“Historically based on the refined aesthetic of the tea ceremony, the ochaya embodies the best of traditional Japanese architecture and interior design. Each room must have a tatami floor and a tokonoma [alcove] replete with the appropriate monthly scroll and a suitable arrangement of flowers in a suitable vase. These amenities are completely changed for each customer.
“At some point the geiko [artistic geisha] perform. There are basically two kinds of geiko, a tachikata and a jikata. A tachikata is a main performer. She is trained to dance and play an instrument other than the shamisen, such as the flute or the hand drum. A jikata is an accompanist who is trained to play the shamisen and sing.”
– Geisha: A Life, Mineko Iwasaki, 2003
From the wiki: “In Japan, an ocha-ya (literally. ‘tea-house’) is an establishment where patrons are entertained by geisha. Ochaya, where geisha entertain, should be distinguished from okiya [boarding house], where geisha live. Though the term ochay means ‘tea house’, they do not serve tea, except incidentally (as an ordinary beverage); buildings or rooms for Japanese tea ceremony are instead known as chashitsu (literally, ‘tea room’). Ochaya are typically very exclusive establishments – with very rare exceptions, one may only enter if one is an established patron, or accompanied by a patron, with reservations.

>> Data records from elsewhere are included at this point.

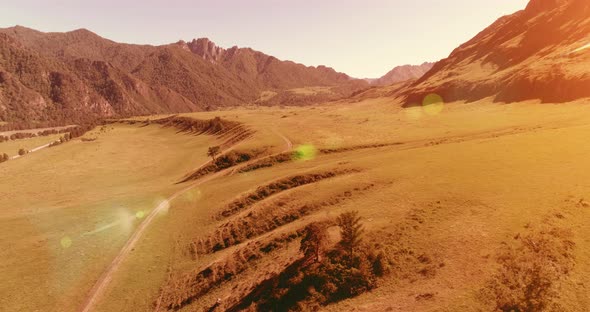 Aerial Rural Mountain Road and Meadow at Sunny Summer Morning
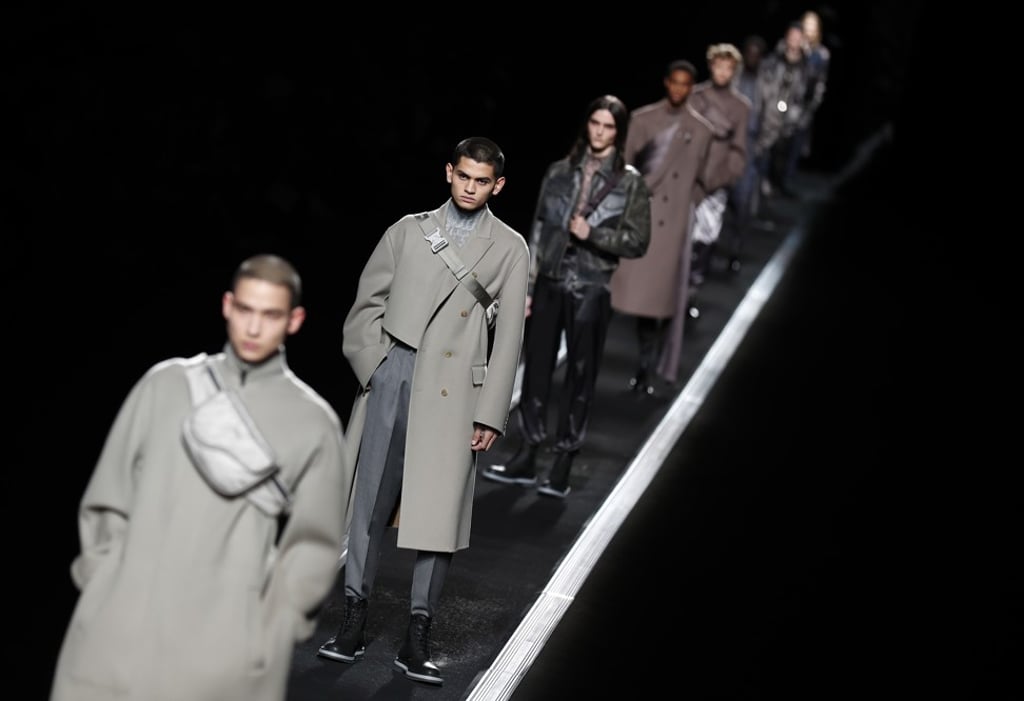 Catwalk models present Dior creations while standing still on a moving conveyor-belt catwalk during the luxury French brand’s fall/winter 2019-20 men’s collection on Friday at Paris Fashion Week. Photo: EPA-EFE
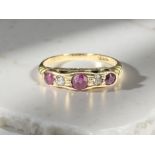 An 18ct yellow gold ruby and diamond ring, size N. CONDITION REPORT: 2.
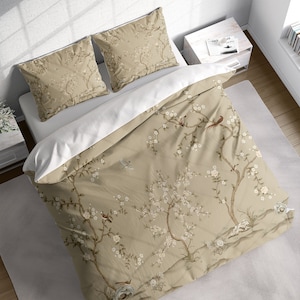 May include: Beige duvet cover with a floral pattern featuring delicate branches, white blossoms, and small birds. The duvet cover has a white border and is shown with two matching pillowcases.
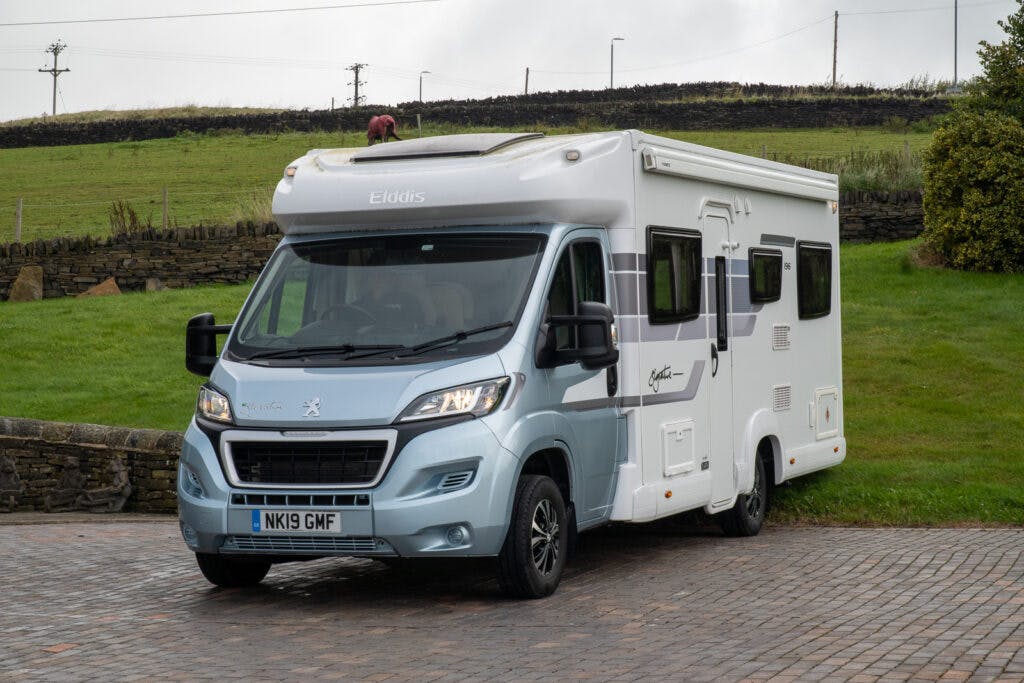 A white and light blue 2019 Elddis Autoquest 196 Signature Edition motorhome is parked on a paved area near a grassy field. It has a UK license plate reading "NK19 GMF" and features various windows and storage compartments. Power lines and a stone fence can be seen in the background.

“Relationships to ochaya can often be traced back generations, and are generally associated with a family or company. Switching ochaya is not generally possible, and even patronizing ochaya other than the one with which one is associated is considered a very serious breach of manners. Ochaya cater to a discreet clientele, and thus do not present a particularly conspicuous front, but nor are they particularly secretive as to their location. Ochaya are generally located on or near the main streets of their geisha district, and will generally have the name at the entrance, with an entrance curtain (noren) and front garden in larger houses.”